- [What you are asked to do]: Where a line below holds the string "furnace", copy that line.

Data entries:
┄┄┄┄┄┄┄┄┄┄┄┄┄┄┄┄┄┄┄┄

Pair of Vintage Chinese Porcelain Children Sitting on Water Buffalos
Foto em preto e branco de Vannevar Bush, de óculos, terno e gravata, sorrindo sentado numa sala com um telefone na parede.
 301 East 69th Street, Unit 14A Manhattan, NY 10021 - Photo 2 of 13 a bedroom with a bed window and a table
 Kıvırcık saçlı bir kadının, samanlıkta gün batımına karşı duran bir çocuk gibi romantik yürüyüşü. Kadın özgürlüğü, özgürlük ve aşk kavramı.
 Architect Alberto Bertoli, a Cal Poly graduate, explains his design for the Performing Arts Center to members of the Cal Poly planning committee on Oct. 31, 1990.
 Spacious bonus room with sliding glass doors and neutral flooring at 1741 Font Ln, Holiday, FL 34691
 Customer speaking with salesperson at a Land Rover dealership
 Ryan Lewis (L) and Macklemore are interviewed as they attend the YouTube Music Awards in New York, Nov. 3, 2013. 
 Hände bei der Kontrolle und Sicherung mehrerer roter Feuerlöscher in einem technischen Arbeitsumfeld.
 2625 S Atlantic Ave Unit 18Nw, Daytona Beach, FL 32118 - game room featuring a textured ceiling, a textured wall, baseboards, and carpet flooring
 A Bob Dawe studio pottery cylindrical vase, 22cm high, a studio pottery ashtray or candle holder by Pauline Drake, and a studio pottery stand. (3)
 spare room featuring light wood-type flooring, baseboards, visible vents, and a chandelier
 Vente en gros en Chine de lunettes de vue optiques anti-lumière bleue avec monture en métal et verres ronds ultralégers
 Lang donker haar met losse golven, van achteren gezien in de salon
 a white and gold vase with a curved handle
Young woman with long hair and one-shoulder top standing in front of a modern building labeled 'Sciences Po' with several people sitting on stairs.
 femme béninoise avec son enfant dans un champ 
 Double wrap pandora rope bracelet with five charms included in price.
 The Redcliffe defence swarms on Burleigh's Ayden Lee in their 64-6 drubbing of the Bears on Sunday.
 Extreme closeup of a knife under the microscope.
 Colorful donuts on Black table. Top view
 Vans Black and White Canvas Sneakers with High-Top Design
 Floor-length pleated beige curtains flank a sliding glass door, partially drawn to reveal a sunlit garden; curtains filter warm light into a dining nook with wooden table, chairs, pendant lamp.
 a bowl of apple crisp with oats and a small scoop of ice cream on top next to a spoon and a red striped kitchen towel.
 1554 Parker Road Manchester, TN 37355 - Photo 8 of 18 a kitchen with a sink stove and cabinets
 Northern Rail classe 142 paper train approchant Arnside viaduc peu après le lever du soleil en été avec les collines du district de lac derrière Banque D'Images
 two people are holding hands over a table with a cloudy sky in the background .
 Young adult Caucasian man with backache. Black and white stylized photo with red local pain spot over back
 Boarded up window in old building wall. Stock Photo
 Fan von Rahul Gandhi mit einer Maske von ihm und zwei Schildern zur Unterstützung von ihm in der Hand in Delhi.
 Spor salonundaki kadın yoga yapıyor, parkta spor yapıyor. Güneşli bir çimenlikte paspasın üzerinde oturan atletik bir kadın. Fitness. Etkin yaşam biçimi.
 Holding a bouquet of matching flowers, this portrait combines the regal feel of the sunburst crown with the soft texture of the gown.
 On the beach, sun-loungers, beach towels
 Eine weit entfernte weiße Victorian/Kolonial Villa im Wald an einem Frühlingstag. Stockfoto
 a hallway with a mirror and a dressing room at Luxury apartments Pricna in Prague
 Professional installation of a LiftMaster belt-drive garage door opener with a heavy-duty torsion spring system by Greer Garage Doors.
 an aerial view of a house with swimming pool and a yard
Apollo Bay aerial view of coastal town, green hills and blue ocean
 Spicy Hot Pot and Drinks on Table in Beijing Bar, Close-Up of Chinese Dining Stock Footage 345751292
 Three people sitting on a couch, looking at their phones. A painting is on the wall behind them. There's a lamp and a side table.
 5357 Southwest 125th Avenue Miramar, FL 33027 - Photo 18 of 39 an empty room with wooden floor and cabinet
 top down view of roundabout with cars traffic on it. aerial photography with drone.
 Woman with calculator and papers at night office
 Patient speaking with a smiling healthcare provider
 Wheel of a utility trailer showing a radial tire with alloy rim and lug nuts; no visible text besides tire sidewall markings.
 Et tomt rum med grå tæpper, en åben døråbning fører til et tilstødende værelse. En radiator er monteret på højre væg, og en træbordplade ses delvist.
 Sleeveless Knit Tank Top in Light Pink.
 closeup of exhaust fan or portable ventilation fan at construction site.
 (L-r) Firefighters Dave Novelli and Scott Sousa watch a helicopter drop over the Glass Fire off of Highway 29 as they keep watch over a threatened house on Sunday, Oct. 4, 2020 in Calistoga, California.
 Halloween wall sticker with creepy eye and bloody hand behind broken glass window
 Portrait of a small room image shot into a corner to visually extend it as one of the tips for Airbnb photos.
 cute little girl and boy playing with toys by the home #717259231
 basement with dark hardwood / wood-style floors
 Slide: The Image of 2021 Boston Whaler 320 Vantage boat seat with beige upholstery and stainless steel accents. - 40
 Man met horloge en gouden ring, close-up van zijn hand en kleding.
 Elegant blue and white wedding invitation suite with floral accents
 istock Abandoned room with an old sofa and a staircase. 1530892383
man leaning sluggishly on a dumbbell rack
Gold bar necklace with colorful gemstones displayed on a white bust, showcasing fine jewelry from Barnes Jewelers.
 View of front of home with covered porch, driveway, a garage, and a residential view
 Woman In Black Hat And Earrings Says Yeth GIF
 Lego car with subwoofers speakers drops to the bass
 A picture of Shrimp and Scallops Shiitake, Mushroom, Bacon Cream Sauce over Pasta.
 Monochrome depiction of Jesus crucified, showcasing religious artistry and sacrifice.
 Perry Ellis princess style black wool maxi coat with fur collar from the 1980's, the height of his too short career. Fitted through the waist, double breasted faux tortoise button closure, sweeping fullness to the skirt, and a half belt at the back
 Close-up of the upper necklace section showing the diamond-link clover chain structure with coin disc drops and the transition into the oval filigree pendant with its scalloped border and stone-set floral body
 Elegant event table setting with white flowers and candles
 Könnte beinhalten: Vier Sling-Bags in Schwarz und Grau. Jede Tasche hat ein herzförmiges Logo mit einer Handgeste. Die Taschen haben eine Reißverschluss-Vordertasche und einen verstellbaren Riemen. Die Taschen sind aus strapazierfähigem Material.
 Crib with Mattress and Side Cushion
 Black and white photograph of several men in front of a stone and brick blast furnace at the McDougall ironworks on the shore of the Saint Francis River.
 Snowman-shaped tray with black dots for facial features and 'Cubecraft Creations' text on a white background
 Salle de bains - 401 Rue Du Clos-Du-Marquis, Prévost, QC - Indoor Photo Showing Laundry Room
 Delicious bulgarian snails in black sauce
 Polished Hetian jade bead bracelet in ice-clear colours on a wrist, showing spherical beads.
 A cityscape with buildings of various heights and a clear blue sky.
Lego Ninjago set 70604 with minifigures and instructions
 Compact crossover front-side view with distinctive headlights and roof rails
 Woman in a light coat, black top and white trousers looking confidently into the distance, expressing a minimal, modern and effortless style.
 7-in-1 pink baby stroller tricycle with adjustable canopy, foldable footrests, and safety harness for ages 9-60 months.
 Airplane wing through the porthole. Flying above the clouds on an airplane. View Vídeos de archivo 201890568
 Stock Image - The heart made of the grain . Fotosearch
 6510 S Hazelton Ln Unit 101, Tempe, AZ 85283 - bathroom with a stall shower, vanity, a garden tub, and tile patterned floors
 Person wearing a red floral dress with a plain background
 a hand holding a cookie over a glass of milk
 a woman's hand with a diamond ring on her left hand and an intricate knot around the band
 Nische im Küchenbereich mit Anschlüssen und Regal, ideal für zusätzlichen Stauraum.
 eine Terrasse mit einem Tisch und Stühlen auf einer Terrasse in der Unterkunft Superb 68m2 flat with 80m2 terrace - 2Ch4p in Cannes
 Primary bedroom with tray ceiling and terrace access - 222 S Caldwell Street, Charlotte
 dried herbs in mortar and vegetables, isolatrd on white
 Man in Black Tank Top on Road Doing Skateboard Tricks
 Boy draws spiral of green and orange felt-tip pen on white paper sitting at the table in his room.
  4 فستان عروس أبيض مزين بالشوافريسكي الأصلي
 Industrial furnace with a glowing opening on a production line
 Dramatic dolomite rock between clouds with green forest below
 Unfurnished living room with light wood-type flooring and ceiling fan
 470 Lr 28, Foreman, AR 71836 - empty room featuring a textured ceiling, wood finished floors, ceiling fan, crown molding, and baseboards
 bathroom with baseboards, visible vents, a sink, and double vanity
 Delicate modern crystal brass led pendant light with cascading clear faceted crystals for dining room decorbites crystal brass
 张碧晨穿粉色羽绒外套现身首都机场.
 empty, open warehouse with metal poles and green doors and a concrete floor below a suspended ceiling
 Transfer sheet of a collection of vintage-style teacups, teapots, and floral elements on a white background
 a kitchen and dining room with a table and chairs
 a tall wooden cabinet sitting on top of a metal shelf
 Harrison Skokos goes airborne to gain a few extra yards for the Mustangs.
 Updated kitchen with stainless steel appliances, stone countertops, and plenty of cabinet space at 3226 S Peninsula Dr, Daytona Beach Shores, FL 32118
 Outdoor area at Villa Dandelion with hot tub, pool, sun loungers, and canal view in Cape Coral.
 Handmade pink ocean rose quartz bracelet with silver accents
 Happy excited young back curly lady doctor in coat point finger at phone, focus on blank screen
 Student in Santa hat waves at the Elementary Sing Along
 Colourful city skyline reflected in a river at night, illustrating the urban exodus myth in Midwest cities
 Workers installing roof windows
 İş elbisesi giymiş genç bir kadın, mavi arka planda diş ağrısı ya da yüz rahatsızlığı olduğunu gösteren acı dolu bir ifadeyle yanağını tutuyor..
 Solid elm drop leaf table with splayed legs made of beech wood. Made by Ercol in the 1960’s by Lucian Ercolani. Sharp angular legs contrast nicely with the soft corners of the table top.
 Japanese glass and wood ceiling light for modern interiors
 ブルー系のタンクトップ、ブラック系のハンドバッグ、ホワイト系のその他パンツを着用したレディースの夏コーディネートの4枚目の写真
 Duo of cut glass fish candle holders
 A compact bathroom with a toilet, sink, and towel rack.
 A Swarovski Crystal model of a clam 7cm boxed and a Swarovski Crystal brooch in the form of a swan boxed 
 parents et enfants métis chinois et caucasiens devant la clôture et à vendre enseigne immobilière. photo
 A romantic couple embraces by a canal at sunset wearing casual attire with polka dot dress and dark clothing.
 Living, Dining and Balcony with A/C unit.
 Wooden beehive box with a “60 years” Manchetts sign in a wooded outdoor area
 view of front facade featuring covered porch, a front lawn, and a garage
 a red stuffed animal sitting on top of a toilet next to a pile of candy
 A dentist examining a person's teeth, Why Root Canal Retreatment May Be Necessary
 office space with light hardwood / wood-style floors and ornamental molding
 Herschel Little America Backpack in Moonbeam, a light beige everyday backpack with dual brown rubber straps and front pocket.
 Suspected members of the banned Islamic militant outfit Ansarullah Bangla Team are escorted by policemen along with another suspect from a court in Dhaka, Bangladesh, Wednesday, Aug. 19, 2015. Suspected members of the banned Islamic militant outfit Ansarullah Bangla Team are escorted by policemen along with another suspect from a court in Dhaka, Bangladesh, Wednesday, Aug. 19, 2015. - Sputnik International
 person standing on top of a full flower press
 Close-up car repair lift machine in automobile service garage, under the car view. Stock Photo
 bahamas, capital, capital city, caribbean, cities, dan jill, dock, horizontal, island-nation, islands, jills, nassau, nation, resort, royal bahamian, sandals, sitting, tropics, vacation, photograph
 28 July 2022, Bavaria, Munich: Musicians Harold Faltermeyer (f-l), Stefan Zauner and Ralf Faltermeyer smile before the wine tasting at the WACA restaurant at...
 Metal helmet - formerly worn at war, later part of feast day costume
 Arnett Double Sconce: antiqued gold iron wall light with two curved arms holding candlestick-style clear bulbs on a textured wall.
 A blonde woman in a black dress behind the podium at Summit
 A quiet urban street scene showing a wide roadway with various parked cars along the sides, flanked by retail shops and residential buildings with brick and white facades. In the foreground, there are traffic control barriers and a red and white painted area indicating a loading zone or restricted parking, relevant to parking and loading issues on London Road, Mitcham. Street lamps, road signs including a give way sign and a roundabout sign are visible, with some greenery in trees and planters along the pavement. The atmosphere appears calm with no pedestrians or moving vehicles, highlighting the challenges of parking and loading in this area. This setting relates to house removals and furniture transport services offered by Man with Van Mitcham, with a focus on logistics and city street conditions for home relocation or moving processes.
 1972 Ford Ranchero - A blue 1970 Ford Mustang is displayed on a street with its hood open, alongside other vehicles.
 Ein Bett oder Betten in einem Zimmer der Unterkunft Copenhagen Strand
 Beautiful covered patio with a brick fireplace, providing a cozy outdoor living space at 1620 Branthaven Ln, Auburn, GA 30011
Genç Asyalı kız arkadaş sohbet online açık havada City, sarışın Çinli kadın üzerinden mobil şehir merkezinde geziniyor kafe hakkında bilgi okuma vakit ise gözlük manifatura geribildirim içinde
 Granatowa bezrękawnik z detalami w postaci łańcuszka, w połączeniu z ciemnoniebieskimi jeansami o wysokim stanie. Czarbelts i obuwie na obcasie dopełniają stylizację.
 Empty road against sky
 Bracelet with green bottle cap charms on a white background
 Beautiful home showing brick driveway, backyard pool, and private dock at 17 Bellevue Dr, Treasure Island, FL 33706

┄┄┄┄┄┄┄┄┄┄┄┄┄┄┄┄┄┄┄┄

- [Answer]:
 Black and white photograph of several men in front of a stone and brick blast furnace at the McDougall ironworks on the shore of the Saint Francis River.
 Industrial furnace with a glowing opening on a production line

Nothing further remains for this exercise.